ABOUT THIS TASK
Two lines below mark the span: the one containing "Ghibran Khakee Telugu" and the one containing "G8X Oscar by". Set down both, plus every line between, exactly as they stand, and nothing else.

AVAILABLE DATA
####

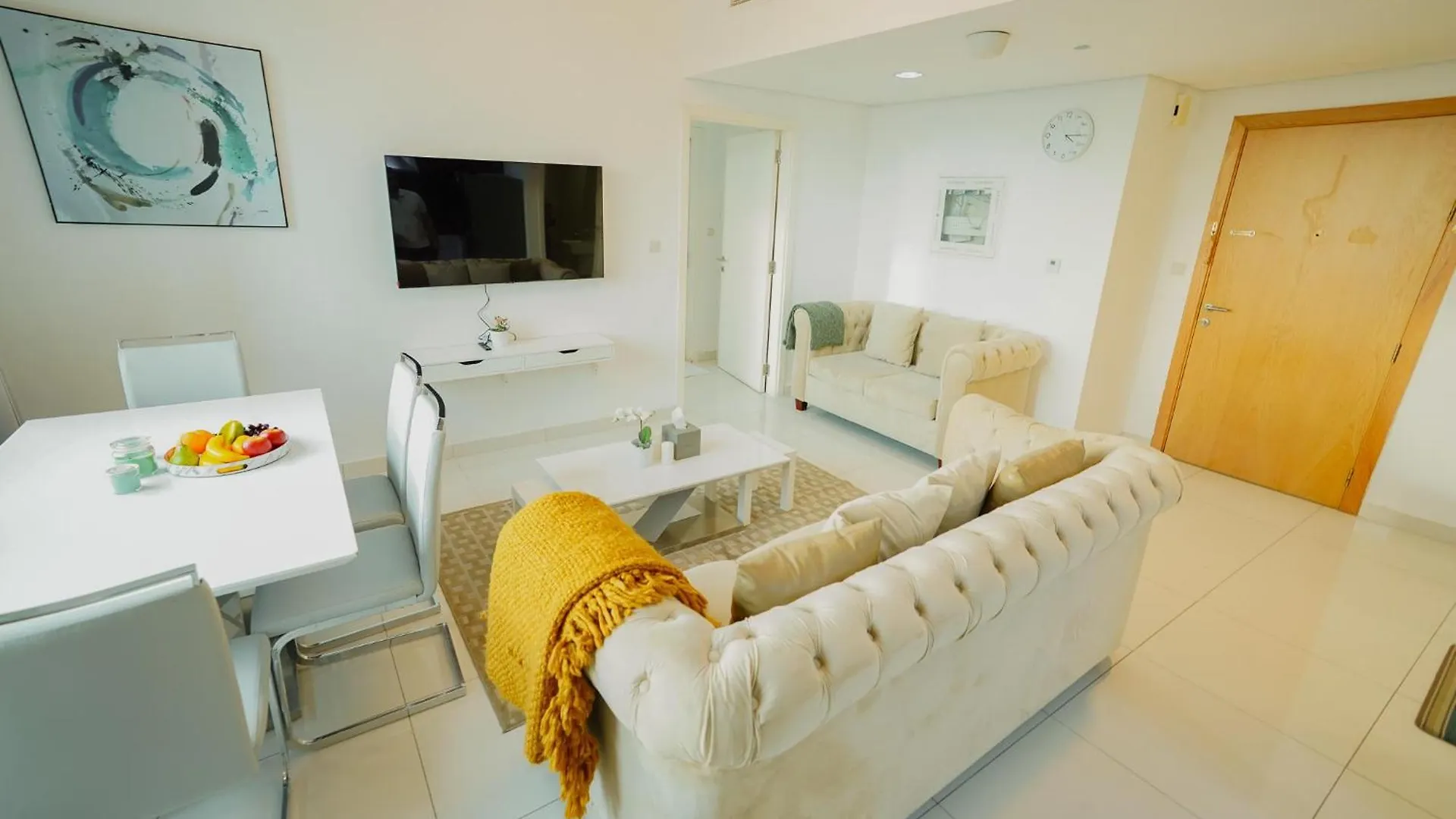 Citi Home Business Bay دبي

####

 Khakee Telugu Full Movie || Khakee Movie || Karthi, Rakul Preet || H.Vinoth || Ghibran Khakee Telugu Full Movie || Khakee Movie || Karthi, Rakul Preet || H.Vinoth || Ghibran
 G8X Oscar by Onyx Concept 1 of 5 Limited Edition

####

ANSWER TO THE PROBLEM
 Khakee Telugu Full Movie || Khakee Movie || Karthi, Rakul Preet || H.Vinoth || Ghibran Khakee Telugu Full Movie || Khakee Movie || Karthi, Rakul Preet || H.Vinoth || Ghibran
 G8X Oscar by Onyx Concept 1 of 5 Limited Edition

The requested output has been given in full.